Energy Markets Are Bouncing To Start Tuesday’s Session, Wiping Out Monday’s Losses
Energy markets are bouncing to start Tuesday’s session, wiping out Monday’s losses following a major stimulus package announced by the world’s largest oil buyer.
A slowdown in Chinese demand has been a major driver in the slide lower in energy prices this year, so it’s no surprise to see a modest price bounce this morning after the country announced its most aggressive stimulus since the pandemic to try and get its economy moving again. This move may still show the vulnerability of energy and other commodity markets that have been dependent on Chinese growth for 2 decades, because if this announcement doesn’t stir a longer term rally, there’s a stronger argument that we could see another major wave of selling in the next few months.
The price action of the past few weeks has spelled more bad news for most US refiners, with crack spreads now trading near 3 year lows, despite several plants undergoing fall maintenance and the winter demand doldrums for gasoline nowhere close to setting in. The USGC 5/3/2 margin ration is already down to where we saw it last winter when multiple facilities cut run rates to avoid pumping cash along with their fuel, and it seems inevitable that we’ll see more of those economic cuts in the next few months.
Helene still has not been named, but is expected to become a major hurricane in the next 48 hours before making landfall somewhere in Florida Thursday night.
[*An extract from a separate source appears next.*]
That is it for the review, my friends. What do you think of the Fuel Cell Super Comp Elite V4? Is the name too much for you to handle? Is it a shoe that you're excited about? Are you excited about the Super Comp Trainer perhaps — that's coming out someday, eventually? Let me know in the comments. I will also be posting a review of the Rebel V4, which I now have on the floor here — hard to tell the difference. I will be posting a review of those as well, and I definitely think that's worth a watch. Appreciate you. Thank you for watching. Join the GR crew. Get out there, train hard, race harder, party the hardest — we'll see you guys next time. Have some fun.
Right now the path looks favorable to have the storm dump most of its energy in Florida’s big bend region known for more nature than people, and leaving essentially all of the oil and refining infrastructure in the region on the clean side of the storm, and mostly out of harm’s way. Tampa Bay continues to look vulnerable to any eastward shifts as it’s staying on the dirty side of the storm and the numerous terminals on the edge of the water could see substantial storm surge.
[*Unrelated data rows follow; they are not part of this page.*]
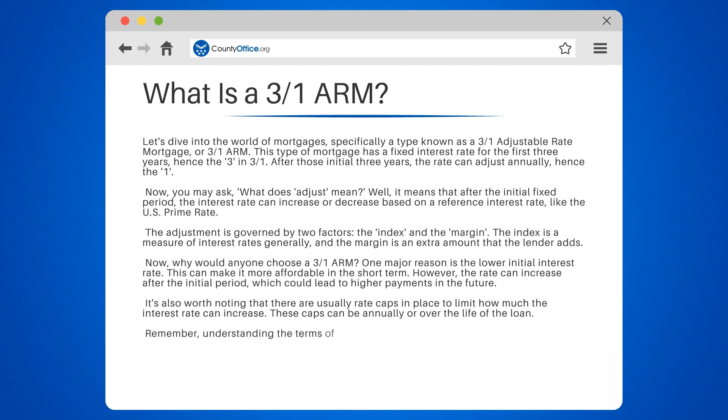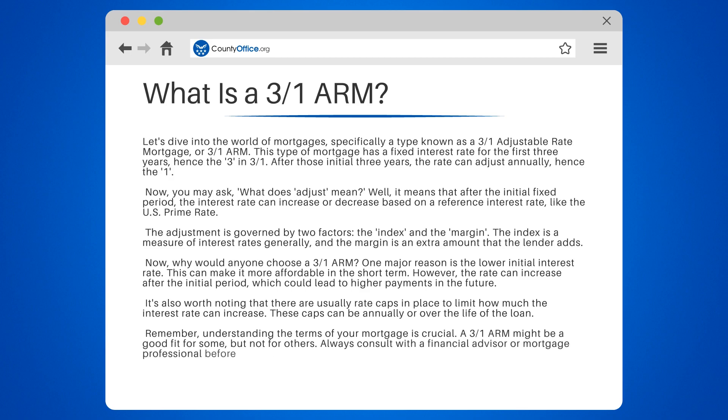Remember, understanding the terms of your mortgage is crucial. A 3-1 ARM might be a good fit for some, but not for others. Always consult with a financial advisor or mortgage professional before making a decision.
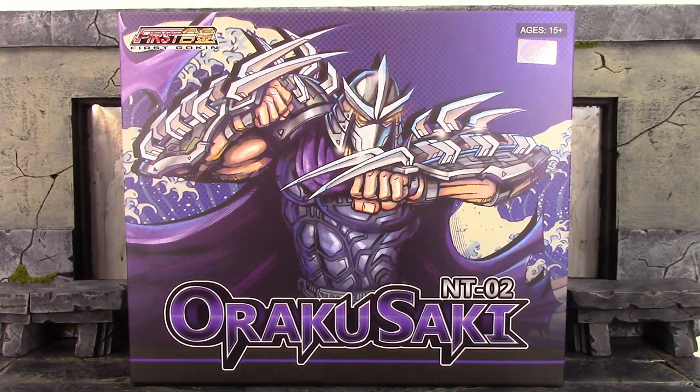What is going on, my fellow collectors? How is everybody doing today? DareDoll19 here, and today we're going to be taking a look at the First Gokin TMNT Oroku Saki, aka Shredder. Let's get into it right away.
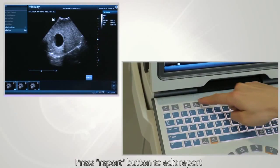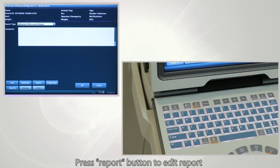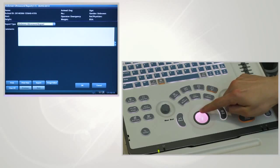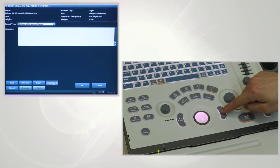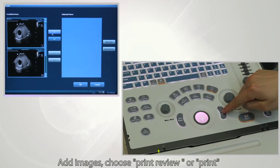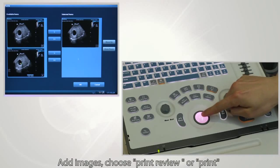Press the report button to edit the report. Add images and then choose print preview or print.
Meanwhile, non-named storms continue to disrupt energy supplies in other parts of the country as high seas have delayed vessel traffic throughout New England creating several short term supply outages. West Coast markets meanwhile are dealing with a different type of storm as the industry and government officials continue to haggle over new rules for refiners in California, renewable importers seem unsure what to do when the BTC expires at the end of the year, and the state opened a new front in its war vs the industry Monday, suing Exxon over plastic recycling. At least California hasn’t followed China’s lead in making economists critical of its policies disappear yet.
The EIA this morning highlighted how the US has become the world’s largest exporter of gasoline in the past decade, after more than 50 years of being a net importer of gasoline. More than 90% of those exports come from the USGC, and more than 50% go to Mexico, which explains why refiners in the region are so weary of short term threats like hurricanes, and longer term threats like new refineries in Mexico, Africa and Asia taking their market share.